That was up 16% on the same period last year and accounted for nearly one-third of all venture capital funding in Europe during the six months.
UK tech companies raised more than their peers in France and Germany combined and more than five times their peers in Switzerland.
That was helped by a number of big funding rounds completed by individual businesses, led by Wayve, the autonomous vehicles technology firm.

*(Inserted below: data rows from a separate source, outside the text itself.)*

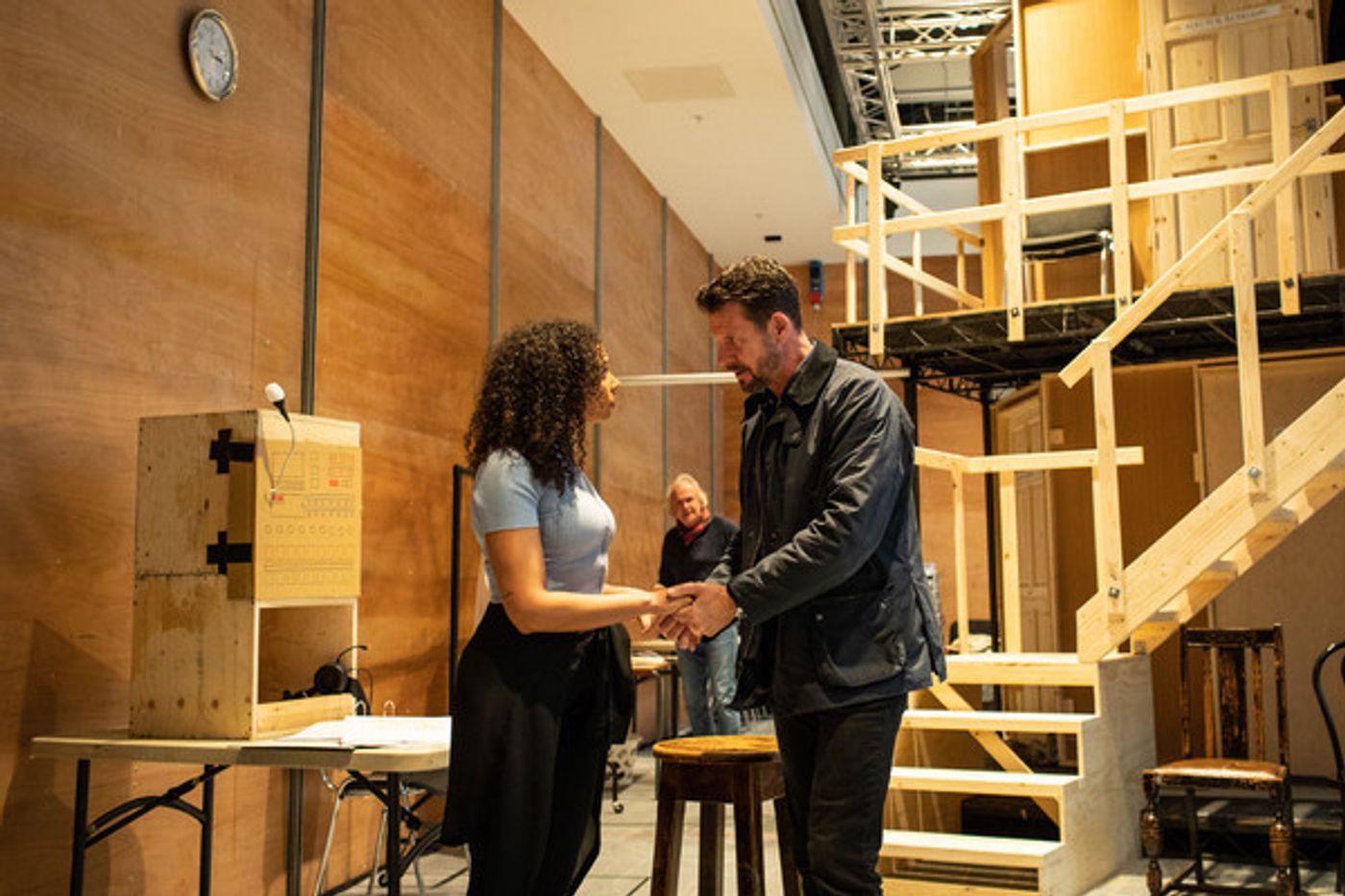 Photo Flash: Inside Rehearsal For NOISES OFF at Lyric Hammersmith  Image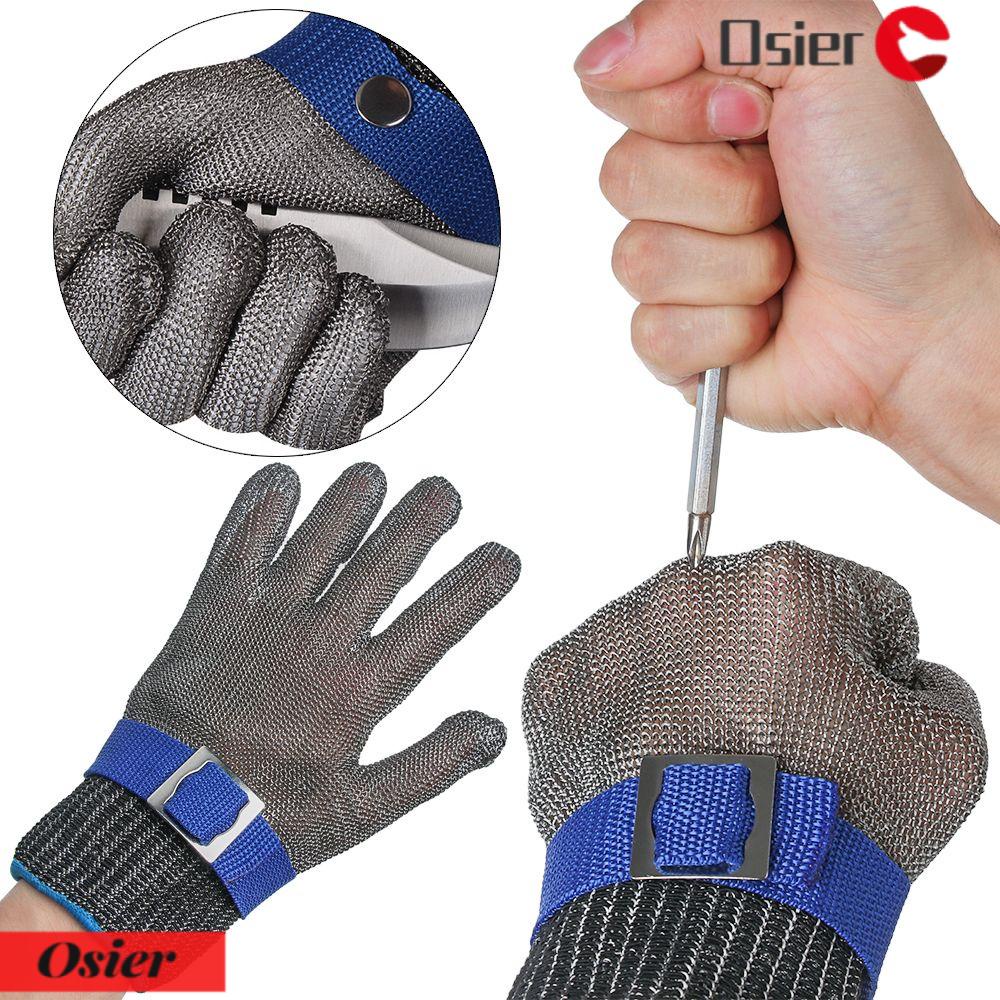 1 Găng Tay Lưới Bảo Vệ Tay Chống Mài Mòn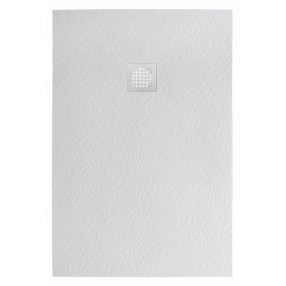 Поддон из искусственного мрамора BelBagno TRAY-MR-UNO-AH-120/90-35-W-BO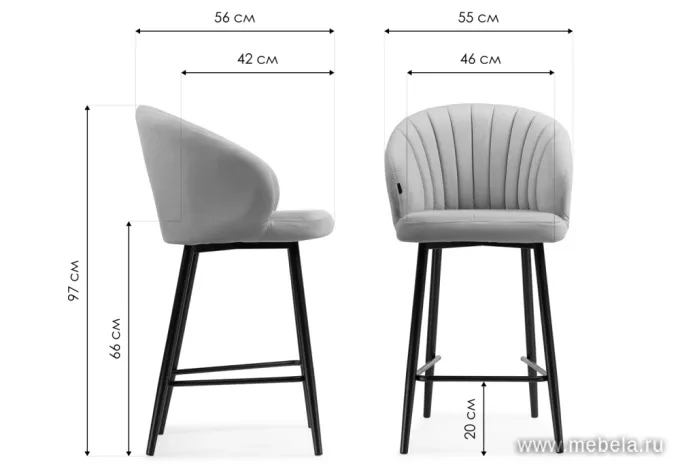 Барный стул Бэнбу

It raised £861m from investors in May and welcomed Rishi Sunak, the former prime minister, to its headquarters on the day the fund-raise was announced.
That month also saw the credit technology company Abound raise £400m while Highview Power, the long-duration energy storage firm whose backers include the UK Infrastructure Bank and Centrica, raised £300m last month – most of which is to be invested in what it hopes will be the UK’s first commercial-scale liquid air energy storage plant.

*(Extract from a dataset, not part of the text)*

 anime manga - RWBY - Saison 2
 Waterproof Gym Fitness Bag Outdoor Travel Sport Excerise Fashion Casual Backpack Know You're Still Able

Other major fundraisings by UK tech companies during the first half of the year included ones by the online bank Monzo, which raised £150m in May and the electric vehicle charging group Char.gy, which last month raised £100m.
More to come
The second half of the year looks set to be just as strong.
The figures from Dealroom come a day after Index Ventures, the global venture capital firm well-known for backing the largest number of UK unicorns (start-ups to have achieved a valuation of $1bn or more), announced it had raised $2.3bn in two new funds to invest in start-ups – a chunk of which is expected to be deployed in the UK.
Dealroom’s figures suggest that tech companies specialising in energy attracted the lion’s share of funding during the first six months of the year, attracting some £4.3bn across Europe, with companies active in the generative AI space attracting some £2bn of money.
London is Europe’s centre for tech
The figures also reveal that London has maintained its position as Europe’s leading centre for tech investment during the first half of 2024.
Start-ups and scale-ups based in the UK capital attracted some £5.3bn in funding during the period – more than twice as much as second-placed Paris, whose start-ups attracted £2.4bn in funding and more than five times as much as third-placed Stockholm, whose start-ups raised £940m.
Cambridge, home to celebrated chip designer Arm Holdings, was also among Europe’s top 10 investment destinations, with its companies attracting some £517m, up 83% on the same period in 2023. Cambridge-based companies that raised money during the period included Luminance, the legal-focused generative AI business, which raised £321m in May.
Jeannette zu Furstenberg, managing director and head of Europe at the global VC firm General Catalyst, said: “These figures are very encouraging and demonstrate how Europe can be a key player in the immense economic opportunity unleashed by AI, which I like to call a European RenAIssance.
“Leveraging the power of AI to bolster European productivity and growth we believe will be key when building globally successful technology companies on this continent.
“The uptick in late-stage funding in the first half of this year we think demonstrates the appetite for Europe’s most ambitious companies.”
Hopes for the future
The figures will raise hopes for venture capital funding, which fell sharply from mid-2022 as interest rate rises around the world began to bite.
Separately, the British Business Bank – the UK’s state-backed economic development agency, has published figures suggesting that the UK has leapfrogged India to become the world’s third-biggest venture capital market to trail only the United States and China.
The figures come just a week after Mr Sunak, who was seen as an enthusiastic backer of UK tech, was ejected from office by voters.
However, despite Mr Sunak’s vocal support for UK tech, the sector was frequently disappointed by his government’s curbs on visas – making it harder to attract overseas talent.
The sector is, accordingly, keen to hear what Labour has to offer it.
The party’s manifesto had little to say about investment in tech start-ups and the tech sector has changed beyond all recognition since the last Labour government left office in 2010.
But it is hopeful that a more supportive approach to skilled migrants could further entrench the lead of UK tech start-ups over their peers in continental Europe – particularly in areas such as helping to commercialise the intellectual property and research coming out of the country’s universities.